UNITED STATES DISTRICT COURT FOR THE SOUTHERN DISTRICT OF MISSISSIPPI NORTHERN DIVISION
Oct 26, 2015
CIVIL ACTION NO. 3:14cv780-HTW-LRA (S.D. Miss. Oct. 26, 2015)

Opinion

CIVIL ACTION NO. 3:14cv780-HTW-LRA

10-26-2015

KENNETH PEYTON PLAINTIFF v. WEXFORD HEALTH SERVICE, ET AL DEFENDANTS


REPORT AND RECOMMENDATION OF UNITED STATES MAGISTRATE JUDGE

Plaintiff Kenneth Peyton failed to appear at the omnibus hearing which was scheduled on October 21, 2015, before the undersigned Magistrate Judge. Defense counsel Bennie May, representing Defendant Dr. Gloria Perry, appeared at the scheduled omnibus hearing, ready to proceed. The remaining Defendants' attorneys were to appear telephonically. However, Plaintiff did not attend the hearing or contact the Court to request a continuance. He was notified of this hearing at the mailing address that he provided to the Court, being the Marshall County Correctional Facility, 833 West Street, Holly Springs, Mississippi 38635. The Writ of Habeas Corpus Ad Testificandum issued for Peyton was returned by the Mississippi Department of Corrections, along with a "Drill Down Detail Report" dated September 22, 2015 [24]. The report and the handwritten notation confirm that Peyton was released on parole on February 12, 2015, and his forwarding address was 30 Emmanuel Peyton Road, Monticello, MS 39654. The Order setting the omnibus hearing was then mailed to that address but was returned by the United States Postal Service, marked "return to sender, no mail receptacle."

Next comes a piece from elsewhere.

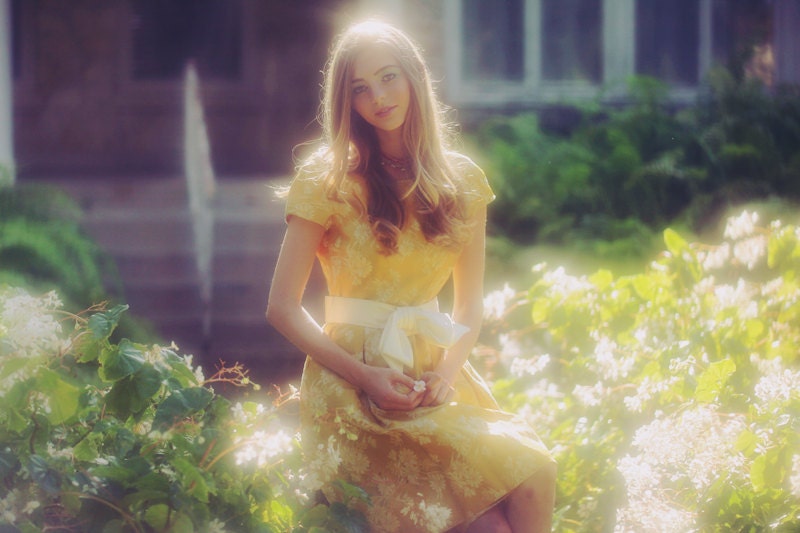 Vintage 1950s Yellow Gold Tapestry Bow Party Dress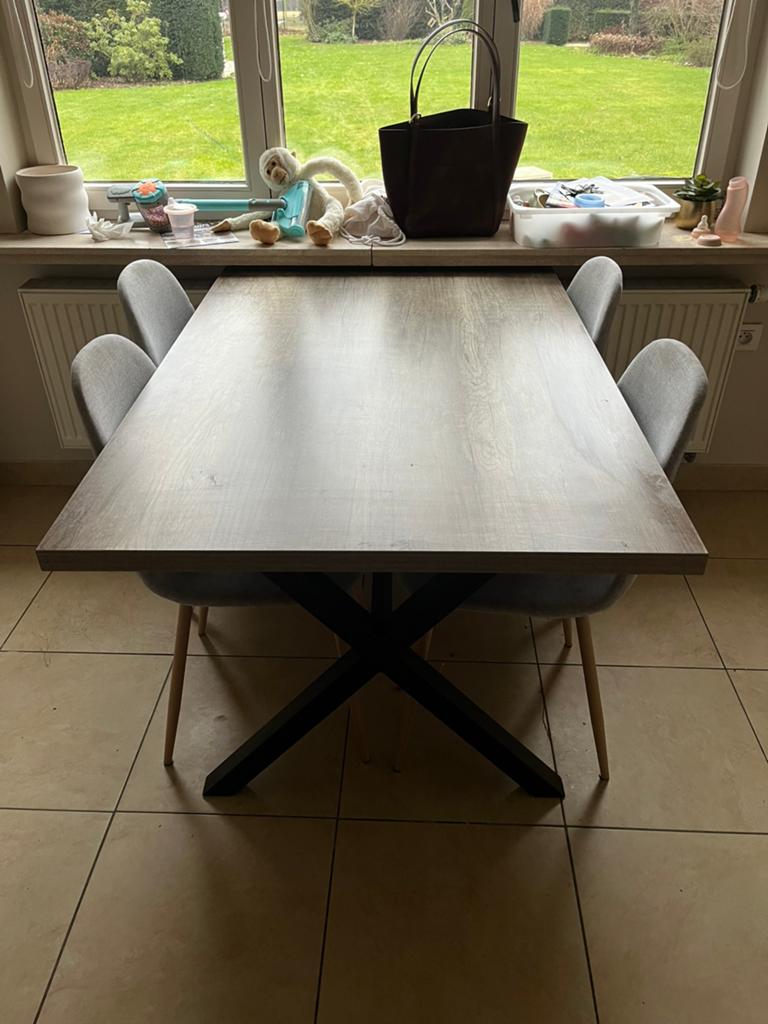 Eettafel 90x140 inclusief 4 stoelen, Ophalen, Gebruikt, 100 tot 150 cm, 50 tot 100 cm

An additional address was given by Plaintiff to the Court by his filing [15] on February 18, 2015. This address is 28 Long Oak Drive, Laurel, Mississippi 39443, and Plaintiff noted that he would be paroled on February 12, 2015. A copy of this Report and Recommendation will be sent to Plaintiff at this address.

At the hearing, defense counsel for Dr. Gloria Perry made an ore tenus motion to dismiss based on Plaintiff's failure to prosecute his claims. After the hearing, Defendant Dr. Bennie Wright also filed a Motion to Dismiss [26] based upon Plaintiff's failure to prosecute. The remaining served Defendants, Wexford Health Sources, Inc., Angela Brown, and Dr. James Burke, joined in the Motion to Dismiss [27].

Plaintiff filed this case, and it was his responsibility to prosecute his claims. He was advised of that responsibility by the Court in that Order [8] filed January 12, 2015, and was warned that his "[f]ailure to advise this Court of a change of address or failure to comply with any order of the Court will be deemed as a purposeful delay and contumacious act by Plaintiff and may result in the dismissal of the case." [See also Order [11] filed January 30, 2015 ("It is Plaintiff's responsibility to prosecute this case...."]. He was aware that it was his responsibility to inform the Court of any address changes. His failure to attend the scheduled hearing, or to contact the Court after his release, has caused Defendants to incur unnecessary attorneys' fees and costs.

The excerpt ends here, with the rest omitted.